Goldman et JPMorgan n’ont pas souhaité s’exprimer sur les précautions supplémentaires mises en place suite à l’apparition du B.1.1.7, mais Richard Gnodde, CEO de Goldman International, a diffusé un courriel aux équipes de Londres lundi dernier. Il y indiquait que la banque maintenait son approche en vigueur depuis décembre, requérant « la seule présence des personnels essentiels dans les bureaux ». Un MD de Goldman nous a d’ailleurs confié que la banque était très « prudente » vis-à-vis du virus et que le nombre d’employés de retour au bureau avait chuté d’environ 25%.

Malgré le risque de transmission accru du variant B.1.1.7, ni Goldman, ni JPM ne semblent avoir rendu obligatoire le port permanent du masque dans leurs bureaux londoniens. « Nous ne devons porter un masque que lors de nos déplacements, » précise le vendeur de JPM. « Quand chacun est à son poste de travail, c’est sans masque. »

Alors que bon nombre de vendeurs et traders ont réintégré les locaux depuis septembre et que l’occupation des bureaux se limite aux personnels essentiels depuis mars, notre vendeur chez JPM ajoute que les acteurs des salles de marchés sont devenus philosophes quant au risque de contamination par la COVID. « La plupart de ceux qui viennent sur site s’accommodent du risque sanitaire en ce qui les concerne. - La majorité des gens sont très respectueux quant aux dangers encourus par les groupes à risques, mais ils estiment que les risques individuels sont assez limités, » dit-il. « Les gens en salle de marchés ont l’habitude de gérer le risque et sont bien armés pour avoir une évaluation rationnelle. »

David Solomon, l’emblématique CEO de Goldman Sachs, a déclaré mardi que tous les employés de la banque devraient réintégrer les bureaux d’ici à la fin de l’année, à l’issue des vagues de vaccination. Toutefois, pour le vendeur de JPM, le vaccin n’induira pas forcément une réelle différence :  les gens sont déjà immunisés. « Beaucoup d’entre nous en salle des marchés ont déjà été atteints par le virus – nous avons été bien plus exposés que le britannique moyen. »

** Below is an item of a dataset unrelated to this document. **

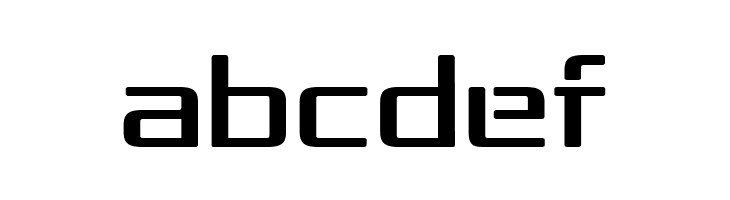 Republika IV Exp  Free Fonts Download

Cette approche optimiste vis-à-vis de la COVID fait suite aux déclarations hier de Chris Whitty, conseiller médical du gouvernement britannique et directeur des services de santé du Royaume-Uni, selon lesquelles les restrictions seraient levées avec le déploiement de la vaccination et à mesure que la population ferait preuve d’une plus grande tolérance au risque COVID. « Avec le temps, nous atteindrons un point où les gens conviendront que la société est prête à accepter ce niveau de risque et à voir lever quasiment l’ensemble des restrictions, » a-t-il précisé, ajoutant toutefois que certaines pourraient rester nécessaires jusqu’à l’hiver 2021-2022.